Dunque “l’attuale sistema agroalimentare è stato plasmato da una serie di forze, specifiche, casuali e mercenarie, e i poveri delle campagne sono diventati la componente più sacrificabile del sistema” (p. 61). La povertà ha iniziato a colpire Messico, India, Brasile (dove dilaga lo “schiavismo da soia”), Corea e molti altri paesi, e senza far nulla raggiungerà presto anche i paesi più progrediti. Tra le altre cose i profili degli agricoltori che si sono suicidati per i debiti sono molto simili nei diversi paesi: erano onesti maschi di mezz’età, religiosi, amati dalla comunità e molto dediti alla famiglia (Malcolm, 1985).

In realtà quasi tutte le aziende commerciali sono riunite in caste che contrattano i propri guadagni con i politici e che influenzano le università attraverso le donazioni. Come affermò l’ex presidente di una catena di supermercati americani: “Il concorrente è il nostro amico e il cliente il nostro nemico… Non esiste un grammo di alcunché al mondo che sia venduto in un libero mercato. L’unico posto in cui esiste un libero mercato sono i discorsi dei politicanti” (Dwayne Andreas, 1995). Ad esempio nel 2000 in America latina i supermercati sono arrivati a controllare oltre il 50 per cento del mercato alimentare, mentre nel 1990 ne gestivano solo il 10 per cento.

Quando si creano oligopoli che gestiscono troppe quote di mercato si rischia l’effetto “desertificazione” da predatore troppo forte, con tutte le problematiche dimostrate dall’attuale globalizzazione deregolamentata. Ora tocca agli economisti fare degli studi meno ideologici e ai politici stabilire delle regole continentali e mondiali. Infatti è inammissibile che non ci siano diritti sindacali e minimi salariali continentali o mondiali per tutti gli aderenti al mercato globale (WTO). 

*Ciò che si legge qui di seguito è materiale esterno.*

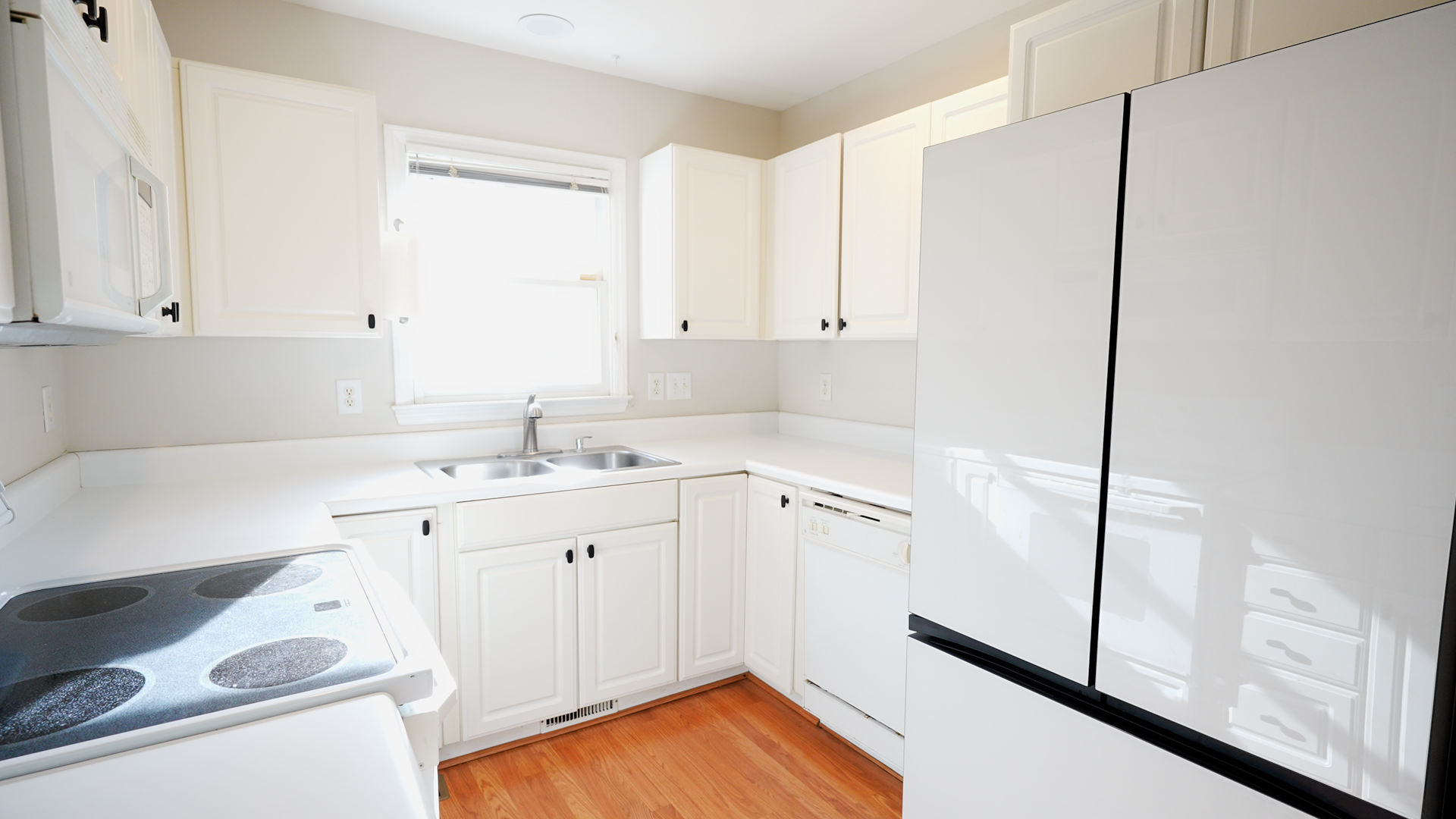 Kitchen - 305B McGregor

Perciò i veri cittadini e i veri imprenditori “vogliono soltanto tenere sotto controllo il mercato invece di esserne controllati” (p. 185). E chiudo con il pensiero del giornalista indiano Palagummi Sainath: “Quanto soffriamo per la gente che muore. Quanto siamo indifferenti a come vive” (per avere maggiori informazioni sui suicidi degli agricoltori indiani si può indirizzare una e-mail a [email protected]).

Nota – In questo libro viene segnalata “La rivoluzione del filo di paglia”, un’opera molto originale di Fukuoka Masanobu, un autodidatta giapponese che si occupa di agricoltura naturale (da pochi giorni è uscito anche “La rivoluzione di Dio, della Natura e dell’Uomo”, LEF, Firenze). Purtroppo ne avremo bisogno molto a breve, poiché con la forte crisi economica, il probabile collasso finanziario e il prossimo inverno straordinariamente rigido dovuto all’eruzione del vulcano islandese, le risorse a nostra disposizione diminuiranno e le cose si metteranno piuttosto male.